### EXERCISE AIM
Word for word, copy the line that contains "this 800×533 image." and each line after it in the data below. Pictures stay out of the copy.

Collected data

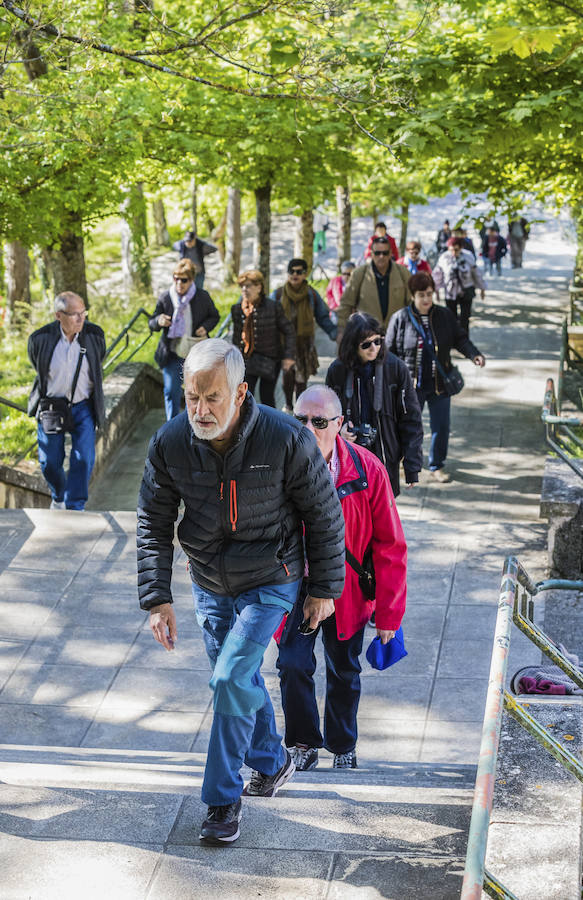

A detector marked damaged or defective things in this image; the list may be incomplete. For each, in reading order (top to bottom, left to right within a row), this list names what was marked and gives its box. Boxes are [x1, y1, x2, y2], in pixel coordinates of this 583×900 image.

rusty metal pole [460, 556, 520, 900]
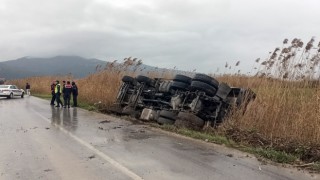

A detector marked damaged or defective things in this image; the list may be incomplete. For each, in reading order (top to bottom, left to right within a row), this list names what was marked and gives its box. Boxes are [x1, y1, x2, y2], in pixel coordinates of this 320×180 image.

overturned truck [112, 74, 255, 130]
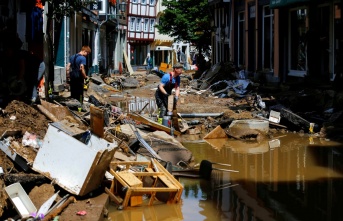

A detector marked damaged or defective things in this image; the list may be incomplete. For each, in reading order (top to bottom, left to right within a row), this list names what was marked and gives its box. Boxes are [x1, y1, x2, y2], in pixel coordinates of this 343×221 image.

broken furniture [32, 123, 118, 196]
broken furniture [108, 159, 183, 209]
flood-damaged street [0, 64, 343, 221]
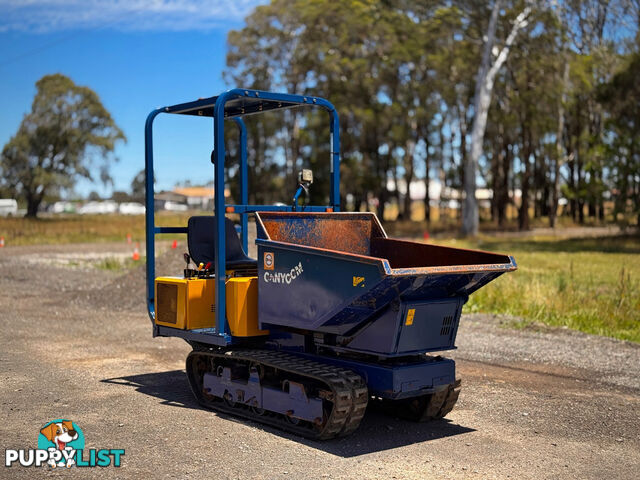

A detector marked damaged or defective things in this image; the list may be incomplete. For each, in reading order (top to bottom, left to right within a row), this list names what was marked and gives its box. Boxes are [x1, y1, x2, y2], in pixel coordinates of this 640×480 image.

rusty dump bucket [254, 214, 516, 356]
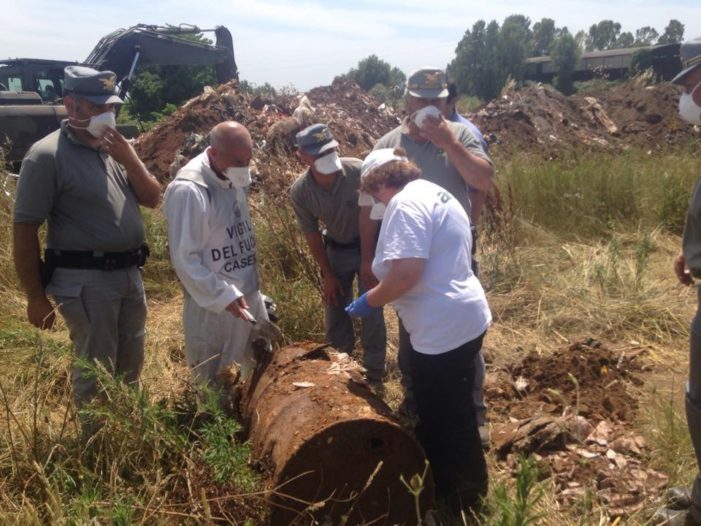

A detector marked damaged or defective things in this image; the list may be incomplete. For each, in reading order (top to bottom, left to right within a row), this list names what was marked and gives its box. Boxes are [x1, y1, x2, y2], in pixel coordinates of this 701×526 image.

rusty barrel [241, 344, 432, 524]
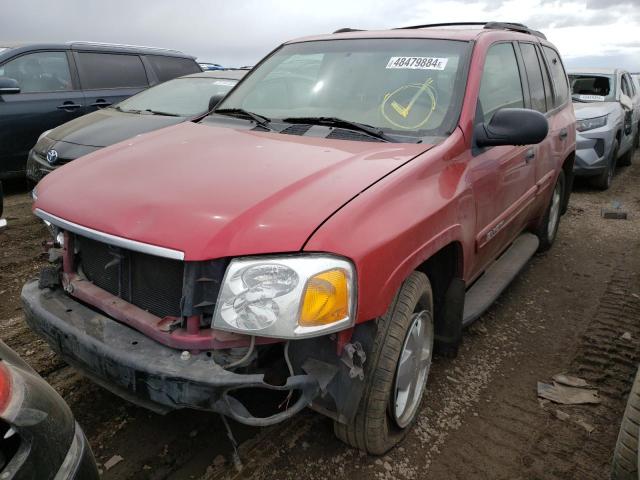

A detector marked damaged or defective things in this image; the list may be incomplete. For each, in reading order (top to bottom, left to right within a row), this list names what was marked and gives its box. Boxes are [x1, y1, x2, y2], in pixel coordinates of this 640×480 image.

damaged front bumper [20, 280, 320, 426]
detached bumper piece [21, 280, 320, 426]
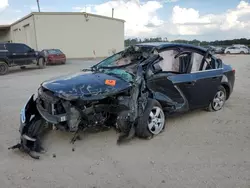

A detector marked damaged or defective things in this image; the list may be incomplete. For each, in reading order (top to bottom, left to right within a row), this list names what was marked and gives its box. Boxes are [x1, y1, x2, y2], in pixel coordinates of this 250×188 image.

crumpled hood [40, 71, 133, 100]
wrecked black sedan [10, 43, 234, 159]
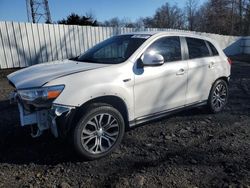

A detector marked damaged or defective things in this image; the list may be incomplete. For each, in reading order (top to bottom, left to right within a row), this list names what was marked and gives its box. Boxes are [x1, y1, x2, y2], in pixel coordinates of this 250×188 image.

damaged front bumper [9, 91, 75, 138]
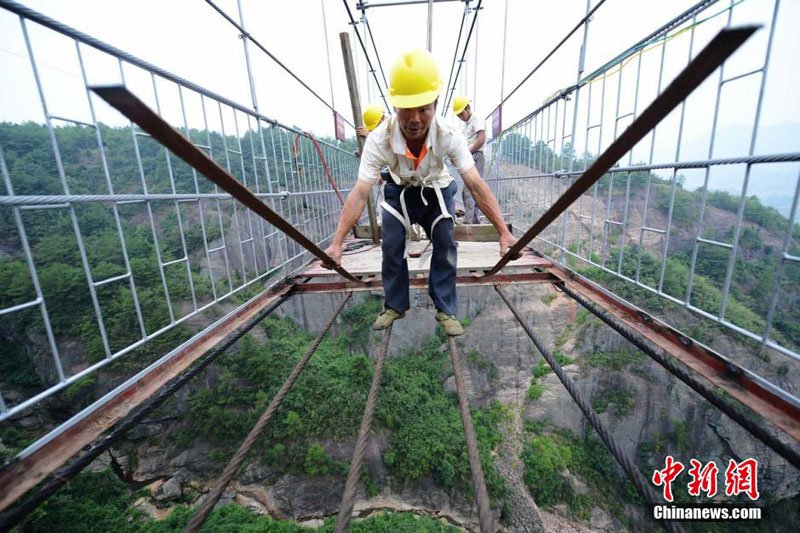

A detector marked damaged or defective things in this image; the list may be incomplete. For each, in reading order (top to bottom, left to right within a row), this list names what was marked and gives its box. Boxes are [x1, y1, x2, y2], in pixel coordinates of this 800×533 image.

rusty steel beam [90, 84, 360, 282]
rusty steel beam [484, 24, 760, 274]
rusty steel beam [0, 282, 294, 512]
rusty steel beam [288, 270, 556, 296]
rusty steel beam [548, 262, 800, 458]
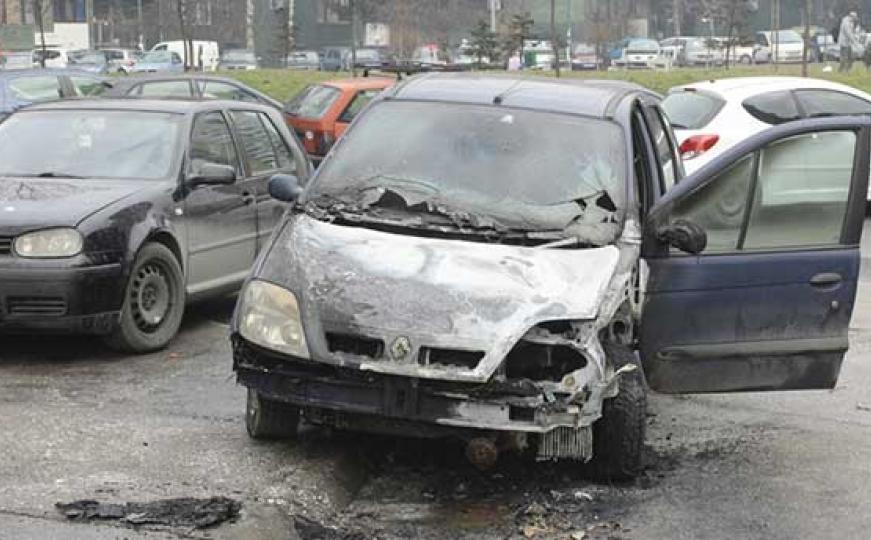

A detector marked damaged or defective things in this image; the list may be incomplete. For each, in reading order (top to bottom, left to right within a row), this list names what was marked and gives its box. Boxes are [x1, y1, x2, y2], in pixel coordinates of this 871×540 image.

### RESULT FOR THIS TASK
A detector marked damaged or defective things in this image; the list may be incomplete. For each, in reading order (top to bottom, left to right within a row), this list names what was marked and gives its box. Boxes are [x1, y1, x2, y2], in pixel coordinates of this 800×533 image.

rusty steel beam [90, 84, 360, 282]
rusty steel beam [484, 24, 760, 274]
rusty steel beam [0, 282, 294, 512]
rusty steel beam [288, 270, 556, 296]
rusty steel beam [548, 262, 800, 458]

A detector marked damaged or defective things in this image; the list may be incomplete. For each, in reading order (top to bottom, left to right within a row), this list names what was marked and gives its box. Boxes are [x1, y1, x2, y2], in pixel coordinates of this 871×540 image.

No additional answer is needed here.